What you have to do>
Below are several entries. Transcribe exactly those lines that fall from the one with "Preview: Womans Hands" through the one with "view of front", end lines included.

Records to use>
====
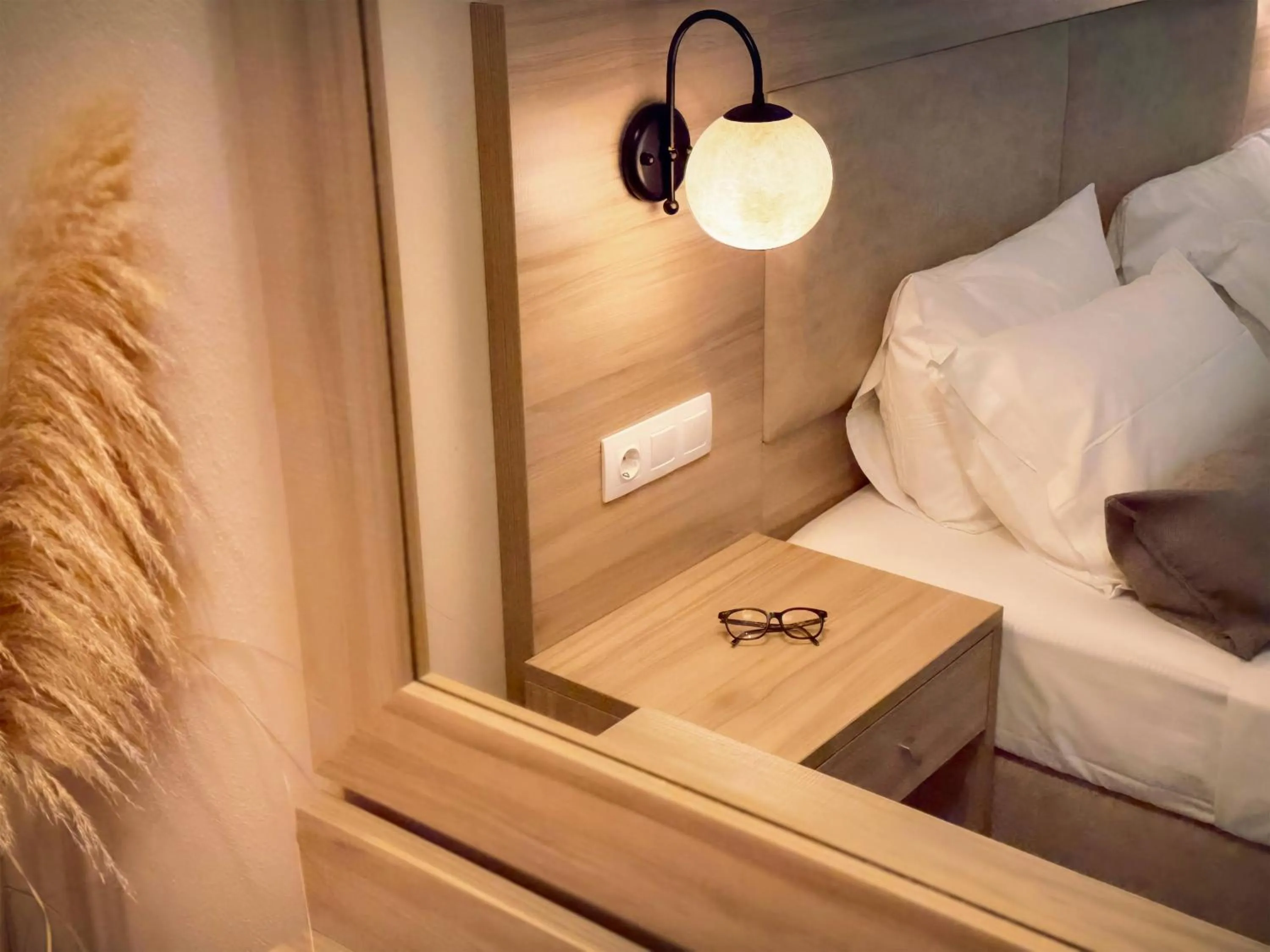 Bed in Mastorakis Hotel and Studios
====
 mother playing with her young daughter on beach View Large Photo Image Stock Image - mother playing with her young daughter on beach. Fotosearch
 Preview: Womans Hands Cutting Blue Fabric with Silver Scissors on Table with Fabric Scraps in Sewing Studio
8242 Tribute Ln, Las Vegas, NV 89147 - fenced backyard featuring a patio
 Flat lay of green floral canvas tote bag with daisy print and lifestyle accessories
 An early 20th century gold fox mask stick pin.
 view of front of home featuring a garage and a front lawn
====
Finished exercise>
 Preview: Womans Hands Cutting Blue Fabric with Silver Scissors on Table with Fabric Scraps in Sewing Studio
8242 Tribute Ln, Las Vegas, NV 89147 - fenced backyard featuring a patio
 Flat lay of green floral canvas tote bag with daisy print and lifestyle accessories
 An early 20th century gold fox mask stick pin.
 view of front of home featuring a garage and a front lawn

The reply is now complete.